What you should do:
In the records below, the lines from the one with "xcoins- how much 1 bitcoin costs" through the last are to be printed exactly, and nothing else.

*** Begin section ***

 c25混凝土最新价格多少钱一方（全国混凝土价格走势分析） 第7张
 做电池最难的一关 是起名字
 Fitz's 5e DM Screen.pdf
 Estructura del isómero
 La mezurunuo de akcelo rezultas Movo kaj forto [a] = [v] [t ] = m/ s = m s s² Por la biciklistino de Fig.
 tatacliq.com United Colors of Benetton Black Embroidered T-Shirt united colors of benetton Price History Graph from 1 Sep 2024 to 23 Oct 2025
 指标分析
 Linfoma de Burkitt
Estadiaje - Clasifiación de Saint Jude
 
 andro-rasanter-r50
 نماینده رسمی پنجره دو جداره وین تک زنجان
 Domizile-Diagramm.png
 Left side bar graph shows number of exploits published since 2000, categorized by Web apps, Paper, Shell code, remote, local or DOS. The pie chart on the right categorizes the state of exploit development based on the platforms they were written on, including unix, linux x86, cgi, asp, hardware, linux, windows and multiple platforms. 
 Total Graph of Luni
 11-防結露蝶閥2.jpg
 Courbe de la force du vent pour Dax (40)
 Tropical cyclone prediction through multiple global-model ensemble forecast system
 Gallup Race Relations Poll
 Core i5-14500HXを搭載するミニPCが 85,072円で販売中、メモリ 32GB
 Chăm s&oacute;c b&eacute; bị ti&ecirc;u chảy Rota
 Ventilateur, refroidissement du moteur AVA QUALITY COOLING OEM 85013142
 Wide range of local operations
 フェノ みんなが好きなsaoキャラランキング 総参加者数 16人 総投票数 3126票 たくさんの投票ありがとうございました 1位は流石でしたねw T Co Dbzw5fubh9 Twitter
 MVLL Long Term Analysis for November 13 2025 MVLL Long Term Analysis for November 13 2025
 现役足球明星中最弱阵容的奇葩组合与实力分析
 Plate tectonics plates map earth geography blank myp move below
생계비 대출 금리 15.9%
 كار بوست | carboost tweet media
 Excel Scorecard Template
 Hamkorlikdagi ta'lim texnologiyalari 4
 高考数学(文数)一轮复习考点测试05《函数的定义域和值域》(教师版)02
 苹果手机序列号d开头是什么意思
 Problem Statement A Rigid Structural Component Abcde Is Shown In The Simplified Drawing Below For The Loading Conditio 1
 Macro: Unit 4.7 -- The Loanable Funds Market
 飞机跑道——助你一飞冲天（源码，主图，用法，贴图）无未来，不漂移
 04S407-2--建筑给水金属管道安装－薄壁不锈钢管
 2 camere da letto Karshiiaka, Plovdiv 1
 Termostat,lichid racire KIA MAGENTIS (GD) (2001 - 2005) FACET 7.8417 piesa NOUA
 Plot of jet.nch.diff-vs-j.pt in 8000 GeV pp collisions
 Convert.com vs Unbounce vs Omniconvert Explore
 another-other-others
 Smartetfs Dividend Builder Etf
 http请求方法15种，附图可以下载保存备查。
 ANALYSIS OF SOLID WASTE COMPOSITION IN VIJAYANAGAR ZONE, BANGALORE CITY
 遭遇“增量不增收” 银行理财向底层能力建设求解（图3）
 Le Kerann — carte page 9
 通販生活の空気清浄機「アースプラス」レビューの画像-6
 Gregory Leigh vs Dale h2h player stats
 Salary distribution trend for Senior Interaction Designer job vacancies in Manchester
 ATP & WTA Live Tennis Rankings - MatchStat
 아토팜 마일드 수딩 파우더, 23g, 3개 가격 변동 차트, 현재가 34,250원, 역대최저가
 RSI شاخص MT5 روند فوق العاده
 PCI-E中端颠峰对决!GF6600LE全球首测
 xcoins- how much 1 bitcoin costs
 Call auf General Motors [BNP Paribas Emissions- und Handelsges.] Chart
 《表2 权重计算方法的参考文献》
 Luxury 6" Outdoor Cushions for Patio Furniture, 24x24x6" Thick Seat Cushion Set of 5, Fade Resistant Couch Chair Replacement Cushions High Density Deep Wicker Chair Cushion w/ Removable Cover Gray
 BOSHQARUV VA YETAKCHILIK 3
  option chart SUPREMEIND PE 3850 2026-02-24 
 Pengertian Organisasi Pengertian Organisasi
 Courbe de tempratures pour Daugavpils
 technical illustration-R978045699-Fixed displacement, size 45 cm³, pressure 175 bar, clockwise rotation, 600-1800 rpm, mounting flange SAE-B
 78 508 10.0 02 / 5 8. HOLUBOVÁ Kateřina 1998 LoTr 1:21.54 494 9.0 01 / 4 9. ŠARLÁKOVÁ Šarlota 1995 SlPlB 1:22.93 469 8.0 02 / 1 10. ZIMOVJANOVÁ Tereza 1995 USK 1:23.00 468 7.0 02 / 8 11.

*** End section ***

Worked solution:
 xcoins- how much 1 bitcoin costs
 Call auf General Motors [BNP Paribas Emissions- und Handelsges.] Chart
 《表2 权重计算方法的参考文献》
 Luxury 6" Outdoor Cushions for Patio Furniture, 24x24x6" Thick Seat Cushion Set of 5, Fade Resistant Couch Chair Replacement Cushions High Density Deep Wicker Chair Cushion w/ Removable Cover Gray
 BOSHQARUV VA YETAKCHILIK 3
  option chart SUPREMEIND PE 3850 2026-02-24 
 Pengertian Organisasi Pengertian Organisasi
 Courbe de tempratures pour Daugavpils
 technical illustration-R978045699-Fixed displacement, size 45 cm³, pressure 175 bar, clockwise rotation, 600-1800 rpm, mounting flange SAE-B
 78 508 10.0 02 / 5 8. HOLUBOVÁ Kateřina 1998 LoTr 1:21.54 494 9.0 01 / 4 9. ŠARLÁKOVÁ Šarlota 1995 SlPlB 1:22.93 469 8.0 02 / 1 10. ZIMOVJANOVÁ Tereza 1995 USK 1:23.00 468 7.0 02 / 8 11.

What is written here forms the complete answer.